90
MTV
-7%
4,763 $m

With today’s young audiences looking for new kinds of content served to them across new channels—and in an effort to adjust to lower ratings and viewership—MTV is focusing on mobile and streaming video while making strides to relate to audiences across platforms and cultures.

International audiences are being offered greater control over how and when they get their MTV. Brand-new mobile apps MTV Play and MTV Trax, both released in Europe, let smartphone users play the network’s most popular shows and stream curated music playlists. As part of an international rebrand, the “I Want My MTV” slogan officially became “I Am My MTV.” This audience-centric initiative coincides with #MTVBump, which attempts to merge digital and traditional broadcast by pushing user-generated social content onto the airwaves and across all outlets.

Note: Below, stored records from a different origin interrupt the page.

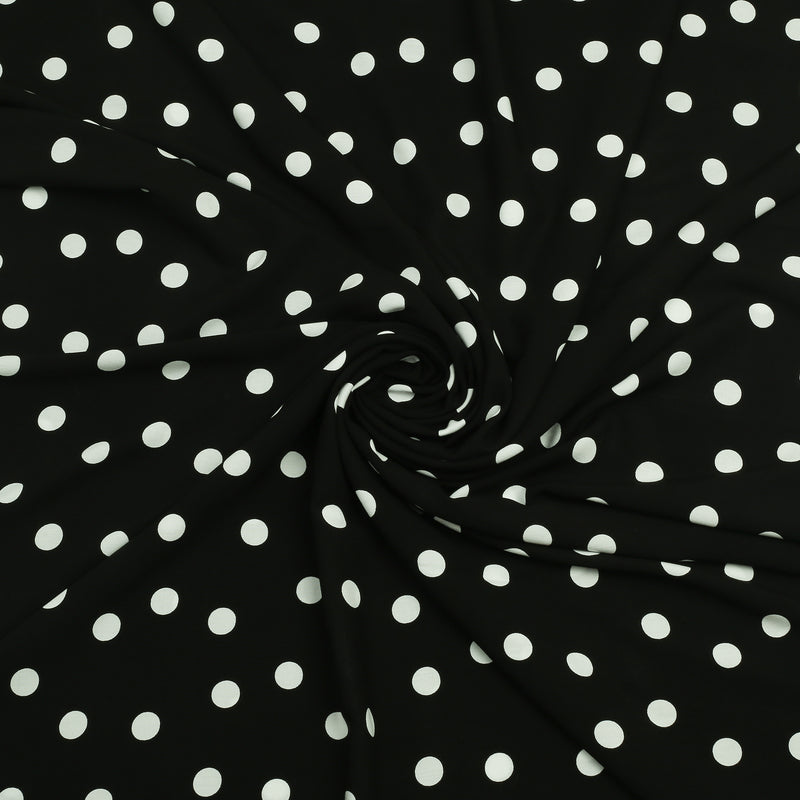 Polka Grace Linen Shirt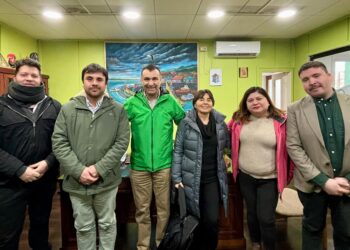 Castro Avanza en construcción de viviendas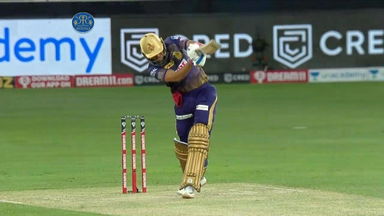 'Gill'iant SIX from Shubman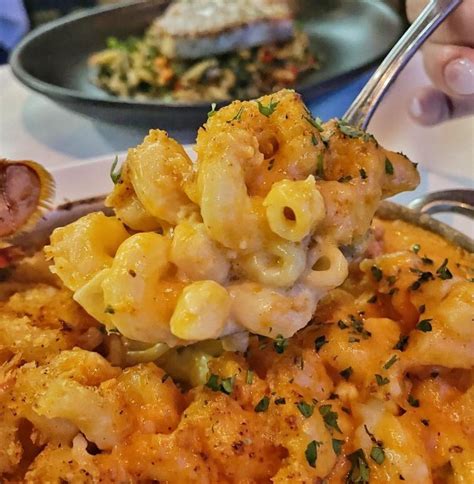Flemings Lobster Mac And Cheese Recipe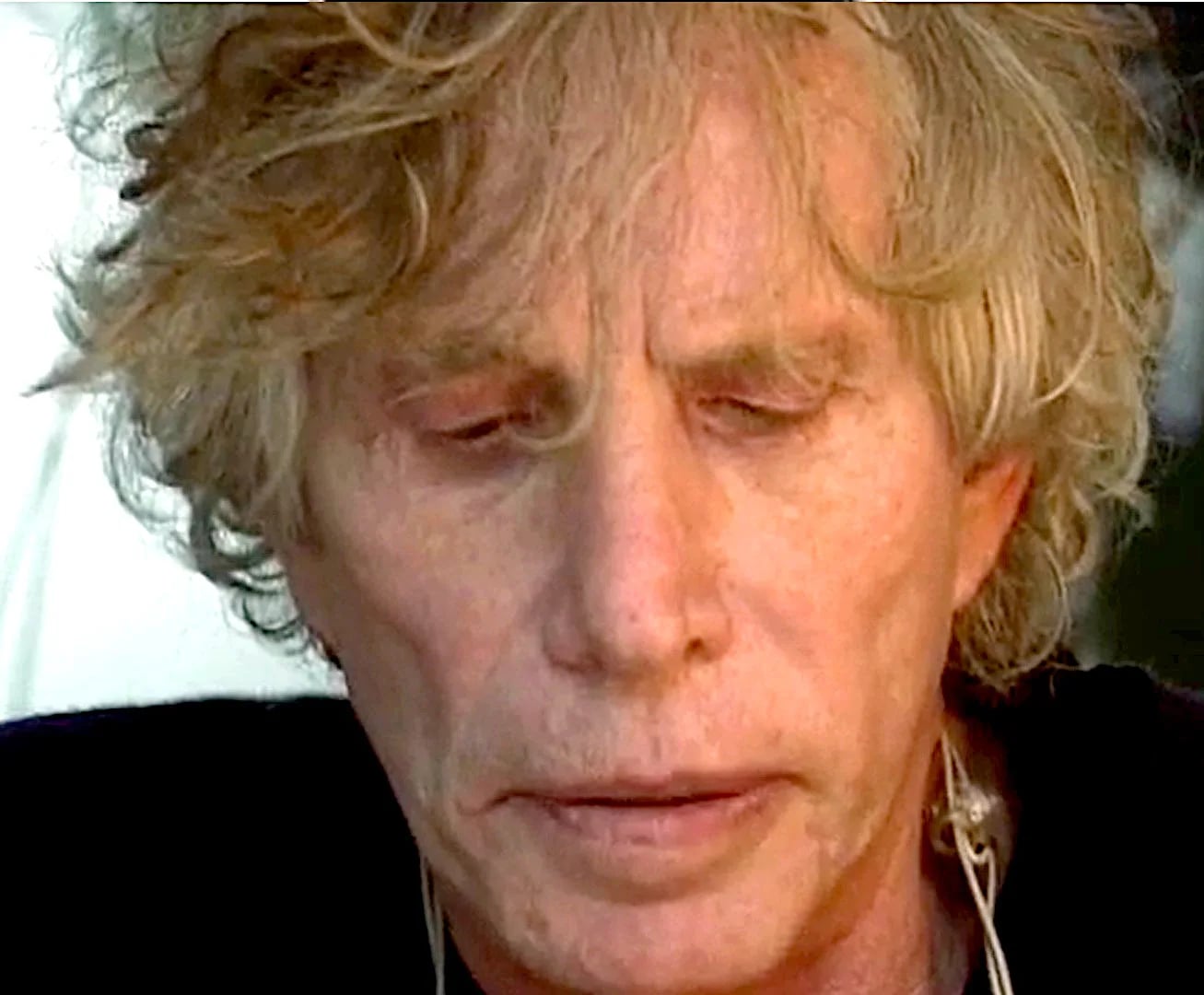 Porträt von Dennis Oppenheim (1938–2011) – Gedenkseite
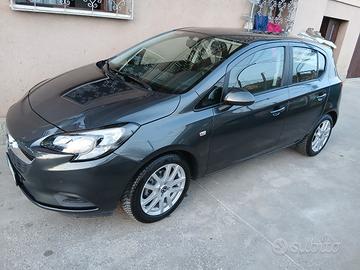 Opel Corsa 1.4 GPL Tutta Tagliandata 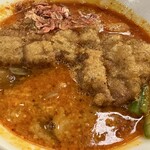 担々麺 ほおずき - 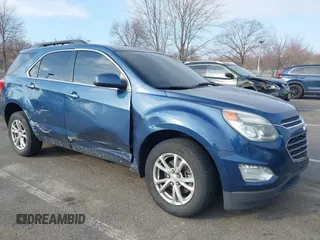 2016 Chevrolet Equinox LT z VIN 2GNALCEK1G6200207, wystawiony jako IAAI lot #41784247 z przebiegiem 134 504 mil mil oraz . Historia ofert i sprzedaży dostępna na DreamBid. Obrazek 6.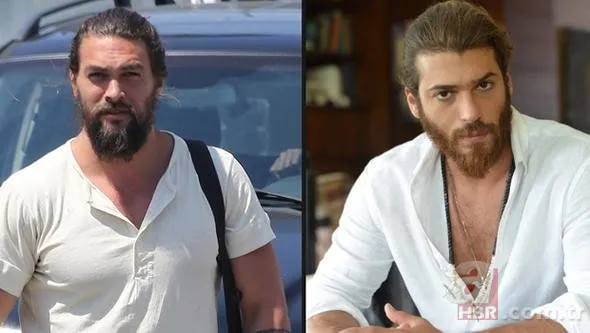 Teşkilat'ın Serdar'ı sosyal medyayı salladı! Çağlar Ertuğrul hangi ünlüye benziyor? 2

Its content strategy is informed by market research, which reveals that today’s teens are edgier, more selective, and more socially aware. Recent shows like Scream contain more complex plot lines, while the network’s new YouTube channel, MTV Braless, probes gender and sexuality issues, and Pulitzer Prize–winning journalist Jose Antonio Vargas explored race in the network’s documentary White People. MTV also debuted its Video With a Social Message category at the 2015 Video Music Awards, bringing real-world relevance to the program. Though viewership was down 18 percent for the keystone event, video streams were up 55 percent over last year and MTV app streams rose 643 percent—evidence of where audiences are truly engaging.

Following Viacom’s recent restructuring efforts, MTV continues to position itself as “the world’s premier youth entertainment brand,” with new programming, platforms, and social initiatives.